How to Keep Your Kids Out of the Wrong Hands
- Posted in: Estate Planning
Some of the clients who come through our offices are parents and grandparents of small children whose primary goal in creating an estate plan is to protect those children. This includes providing for their immediate financial needs, ensuring they will have the means to receive an education, and so forth, but often the very first question these parents and grandparents ask is about guardianship. Most often they want guidance in choosing the best person to care for their children when they are gone, but sometimes a client asks if there is a way to keep their children out of the hands of abusive or irresponsible relatives. The answer is a resounding yes.
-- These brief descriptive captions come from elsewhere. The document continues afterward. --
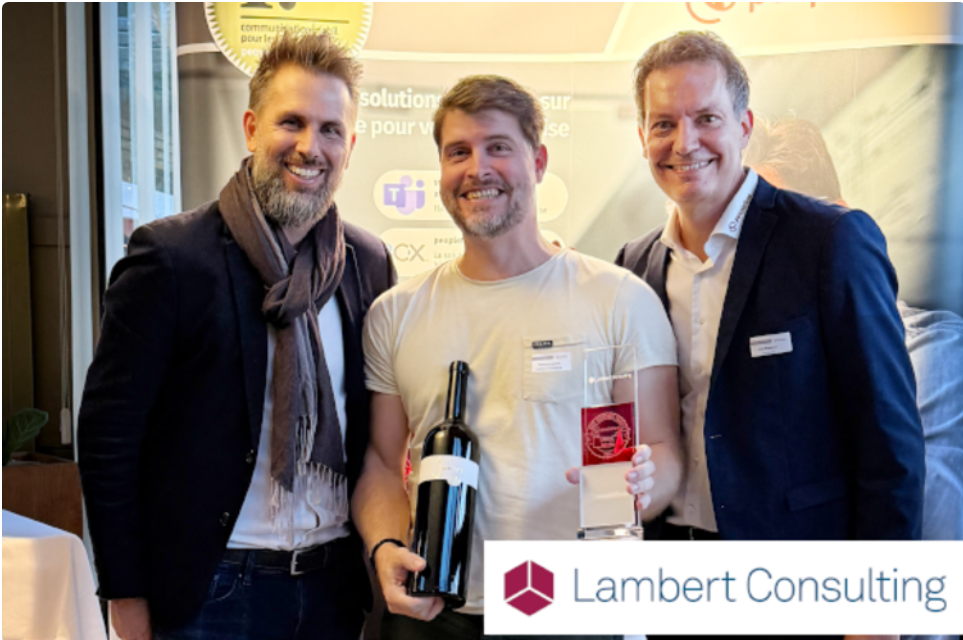 Remise du Peoplefone Best Customer Project Special Award 2024 à Lambert Consulting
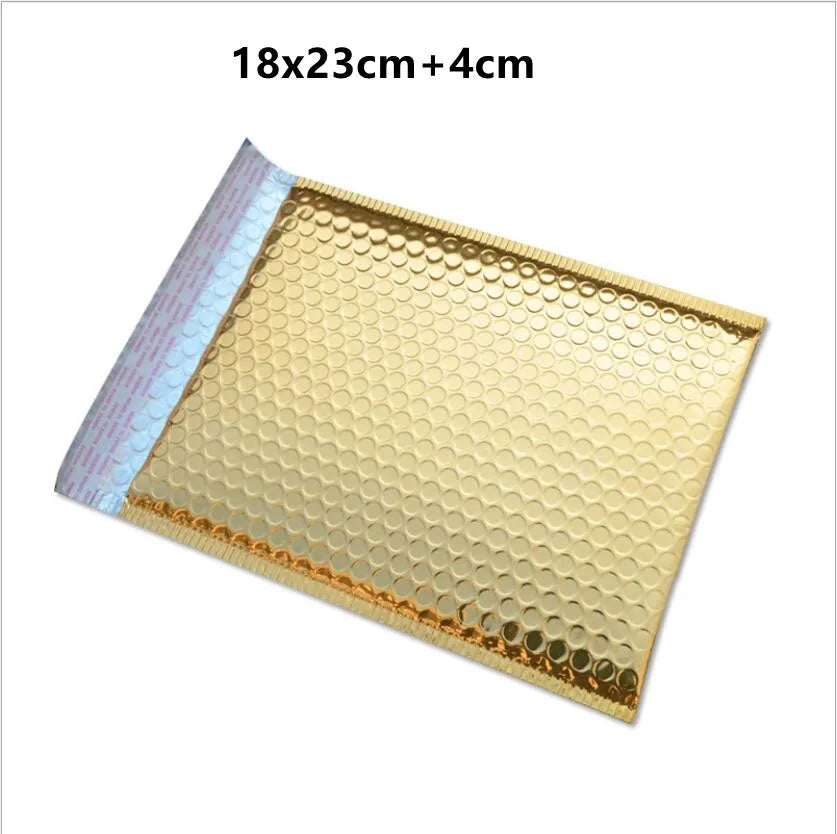 50pcs Rose Gold Poly Bubble Mailer Envelopes Aluminum Foil Padded Envelopes Self Seal Bubble Shipping Mailer Bags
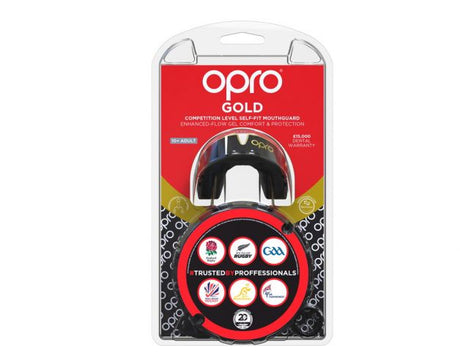 Mouthguard - OPRO - GOLD level - black/gold, 002226001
Of course, the first thing you should do to keep your children safe from an unsuitable guardian is to execute a Nomination of Guardians in which you name the people who would be good and loving parents. But beyond that, you can execute an Exclusion of Guardians (also known as an Anti-Nomination of Guardians). In this document you name the person or couple who should under no circumstances receive guardianship of your children. You may, in the document, state the reasons why your child should be kept out of the care of this person, but it is not always necessary.
For many parents, the excluded guardian is often a member of their extended family, and they fear that executing so strong a document might break the peace. For this reason, you can request that the Exclusion of Guardians be kept completely confidential. Unless and until the excluded guardian tries to gain guardianship over your children there is really no need for anyone except you and your attorney to be aware of its existence.
There are many valid reasons to execute an Exclusion of Guardians; alcoholism, history of abuse, mental illness, extreme financial irresponsibility, and more. How is a judge or court to know of these reasons unless you tell them? And that is exactly what an Exclusion of Guardians does. If you have any fears along these lines talk to your attorney. You hope the document will never need to be used—never even be seen by any eyes other than your own—but the peace of mind it can bring is invaluable.